### [DATA PROVIDED]
________________________

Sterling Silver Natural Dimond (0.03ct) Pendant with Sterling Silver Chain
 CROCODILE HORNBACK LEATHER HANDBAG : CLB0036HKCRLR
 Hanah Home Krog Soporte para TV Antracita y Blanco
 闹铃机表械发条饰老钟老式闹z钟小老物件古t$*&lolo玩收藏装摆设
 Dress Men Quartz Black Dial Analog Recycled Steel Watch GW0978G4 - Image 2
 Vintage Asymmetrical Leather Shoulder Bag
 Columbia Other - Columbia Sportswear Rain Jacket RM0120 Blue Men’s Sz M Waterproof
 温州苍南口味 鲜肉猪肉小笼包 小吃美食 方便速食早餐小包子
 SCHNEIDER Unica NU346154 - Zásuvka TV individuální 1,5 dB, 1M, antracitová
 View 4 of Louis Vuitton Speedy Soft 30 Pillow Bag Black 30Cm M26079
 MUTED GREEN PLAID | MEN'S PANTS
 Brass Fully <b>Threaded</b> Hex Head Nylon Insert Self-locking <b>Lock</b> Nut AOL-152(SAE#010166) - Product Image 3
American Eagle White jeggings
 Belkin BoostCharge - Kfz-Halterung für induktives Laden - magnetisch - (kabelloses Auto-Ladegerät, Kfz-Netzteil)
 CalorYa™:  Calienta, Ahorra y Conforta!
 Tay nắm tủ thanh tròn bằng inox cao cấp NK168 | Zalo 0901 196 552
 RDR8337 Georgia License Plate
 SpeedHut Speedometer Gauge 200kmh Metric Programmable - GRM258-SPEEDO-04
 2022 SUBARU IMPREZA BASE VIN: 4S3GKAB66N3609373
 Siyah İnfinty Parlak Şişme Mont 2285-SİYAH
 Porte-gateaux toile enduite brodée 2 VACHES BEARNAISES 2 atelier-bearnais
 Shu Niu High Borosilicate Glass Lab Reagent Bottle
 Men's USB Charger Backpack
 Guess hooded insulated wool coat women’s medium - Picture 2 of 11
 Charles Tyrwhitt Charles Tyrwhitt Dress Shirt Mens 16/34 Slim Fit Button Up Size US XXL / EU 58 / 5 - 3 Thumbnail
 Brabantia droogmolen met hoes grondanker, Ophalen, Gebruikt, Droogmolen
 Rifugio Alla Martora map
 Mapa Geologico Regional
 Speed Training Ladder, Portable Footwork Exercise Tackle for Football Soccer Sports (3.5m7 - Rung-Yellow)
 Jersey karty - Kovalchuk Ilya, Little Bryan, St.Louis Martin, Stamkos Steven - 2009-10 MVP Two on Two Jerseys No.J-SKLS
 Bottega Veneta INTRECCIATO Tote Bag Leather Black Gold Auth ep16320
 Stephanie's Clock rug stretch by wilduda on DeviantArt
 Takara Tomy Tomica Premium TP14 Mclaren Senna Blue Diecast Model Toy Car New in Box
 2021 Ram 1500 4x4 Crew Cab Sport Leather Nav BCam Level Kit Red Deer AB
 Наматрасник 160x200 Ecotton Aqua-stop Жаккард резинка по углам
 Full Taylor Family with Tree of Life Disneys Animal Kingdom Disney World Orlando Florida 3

________________________

### [REQUIRED ACTION]
Keep every word the same and copy out all of the entries.

### [RESULT FOR THIS EXERCISE]
Sterling Silver Natural Dimond (0.03ct) Pendant with Sterling Silver Chain
 CROCODILE HORNBACK LEATHER HANDBAG : CLB0036HKCRLR
 Hanah Home Krog Soporte para TV Antracita y Blanco
 闹铃机表械发条饰老钟老式闹z钟小老物件古t$*&lolo玩收藏装摆设
 Dress Men Quartz Black Dial Analog Recycled Steel Watch GW0978G4 - Image 2
 Vintage Asymmetrical Leather Shoulder Bag
 Columbia Other - Columbia Sportswear Rain Jacket RM0120 Blue Men’s Sz M Waterproof
 温州苍南口味 鲜肉猪肉小笼包 小吃美食 方便速食早餐小包子
 SCHNEIDER Unica NU346154 - Zásuvka TV individuální 1,5 dB, 1M, antracitová
 View 4 of Louis Vuitton Speedy Soft 30 Pillow Bag Black 30Cm M26079
 MUTED GREEN PLAID | MEN'S PANTS
 Brass Fully <b>Threaded</b> Hex Head Nylon Insert Self-locking <b>Lock</b> Nut AOL-152(SAE#010166) - Product Image 3
American Eagle White jeggings
 Belkin BoostCharge - Kfz-Halterung für induktives Laden - magnetisch - (kabelloses Auto-Ladegerät, Kfz-Netzteil)
 CalorYa™:  Calienta, Ahorra y Conforta!
 Tay nắm tủ thanh tròn bằng inox cao cấp NK168 | Zalo 0901 196 552
 RDR8337 Georgia License Plate
 SpeedHut Speedometer Gauge 200kmh Metric Programmable - GRM258-SPEEDO-04
 2022 SUBARU IMPREZA BASE VIN: 4S3GKAB66N3609373
 Siyah İnfinty Parlak Şişme Mont 2285-SİYAH
 Porte-gateaux toile enduite brodée 2 VACHES BEARNAISES 2 atelier-bearnais
 Shu Niu High Borosilicate Glass Lab Reagent Bottle
 Men's USB Charger Backpack
 Guess hooded insulated wool coat women’s medium - Picture 2 of 11
 Charles Tyrwhitt Charles Tyrwhitt Dress Shirt Mens 16/34 Slim Fit Button Up Size US XXL / EU 58 / 5 - 3 Thumbnail
 Brabantia droogmolen met hoes grondanker, Ophalen, Gebruikt, Droogmolen
 Rifugio Alla Martora map
 Mapa Geologico Regional
 Speed Training Ladder, Portable Footwork Exercise Tackle for Football Soccer Sports (3.5m7 - Rung-Yellow)
 Jersey karty - Kovalchuk Ilya, Little Bryan, St.Louis Martin, Stamkos Steven - 2009-10 MVP Two on Two Jerseys No.J-SKLS
 Bottega Veneta INTRECCIATO Tote Bag Leather Black Gold Auth ep16320
 Stephanie's Clock rug stretch by wilduda on DeviantArt
 Takara Tomy Tomica Premium TP14 Mclaren Senna Blue Diecast Model Toy Car New in Box
 2021 Ram 1500 4x4 Crew Cab Sport Leather Nav BCam Level Kit Red Deer AB
 Наматрасник 160x200 Ecotton Aqua-stop Жаккард резинка по углам
 Full Taylor Family with Tree of Life Disneys Animal Kingdom Disney World Orlando Florida 3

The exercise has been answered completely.